National high-stakes exams (funnel exams) are the strongest barriers to transformation that we have created in our education systems. But we will one day be free of these notorious, spirit-crushing exercises in memorization, calculation and re-presentation. We will build systems that respond—however slowly—to our pressing need to build and assess skills needed for the 21st-century.
It's happening.
In France, not close to the leading edge of education, the end-of-high-school Bac is wheezing and showing its age:
...for all the reverence, nostalgia or stress that it still inspires, its utility is growing ever less clear, according to French officials, students, parents, teachers and employers — most everyone, really.

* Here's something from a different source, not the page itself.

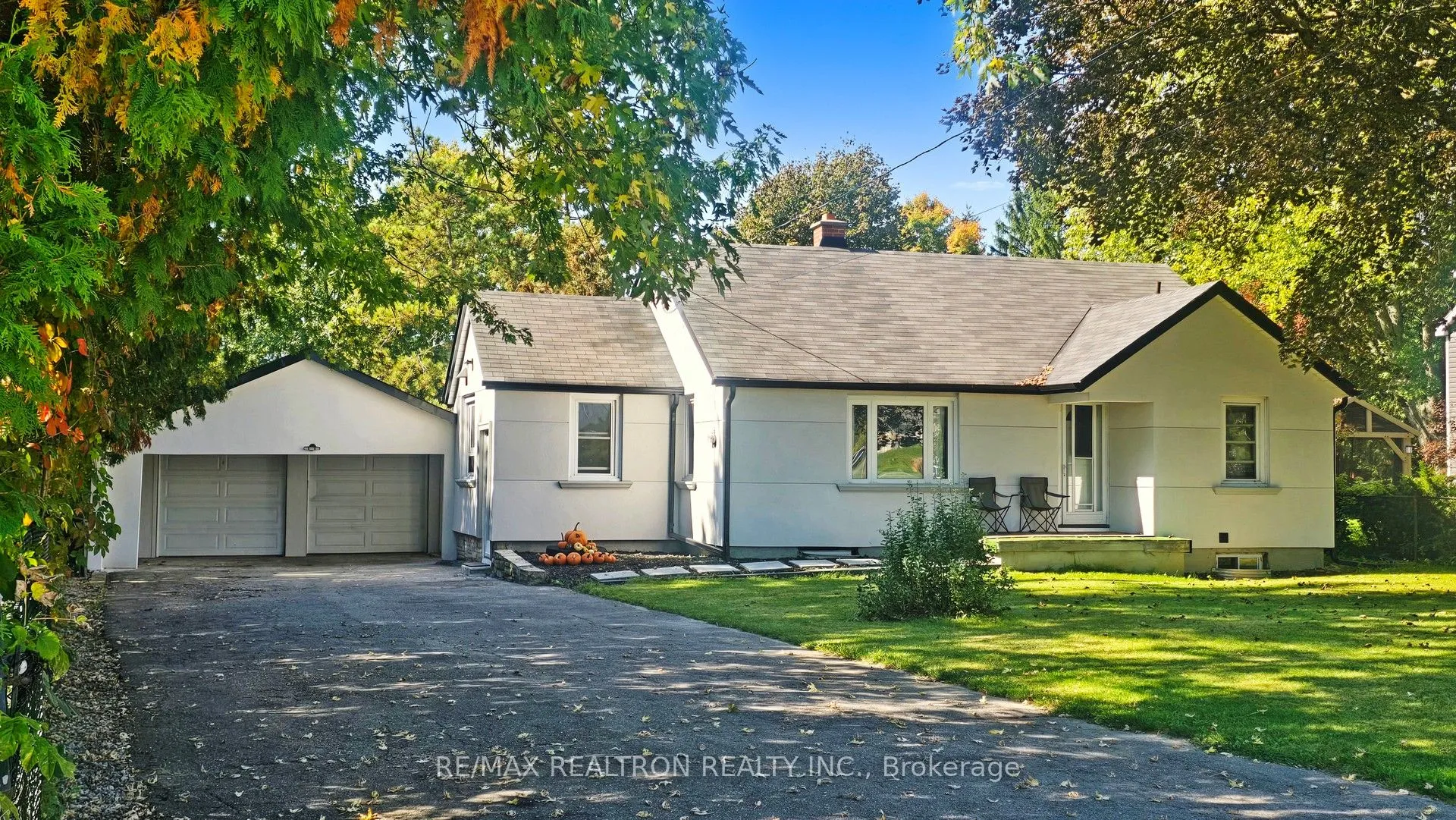 Detached Home For Sale | N13045532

“Each year more ridiculous, the comedy of the bac has returned,” Luc Ferry, the philosopher who once served as education minister and oversaw the test, wrote this month in the newspaper Le Figaro.
France once liked to think of its educational system as a model for the world, but studies show academic performance here to be unexceptional and on the decline, and officials have in recent years begun to fret. Increasingly, the bac is viewed as the flagship of a flawed system, a symbol not so much of French excellence but of what is wrong with education here.
Check it out. The NY Times article is chock-full of casual Bac-dissing:
"It’s more a rite of passage than an exam,” said Ms. Ripoll, 18, dragging lightly on a morning cigarette. "That’s why it would be a shame to get rid of it. Everybody’s been through it. It’s traumatized everybody."
As the article (finally, finally) states, the purpose of such exams (and they're everywhere!) is in part to allocate scarce resources (university placement). But these exams do a lousy job of it. If you believe that university placement (it's scarce, OK?) should be based on potential contribution, well, testing as conducted is a terrible predictor, and one that completely fails to account for economic inequality and cultural difference.
I've heard, elsewhere (São Paulo) that funnel exams are necessary to ensure equity. But we don't provide the preconditions for equitable assessment in our societies or our schools. AND as France, the US and Korea (!) have shown, the exams can be gamed, they elicit cheating.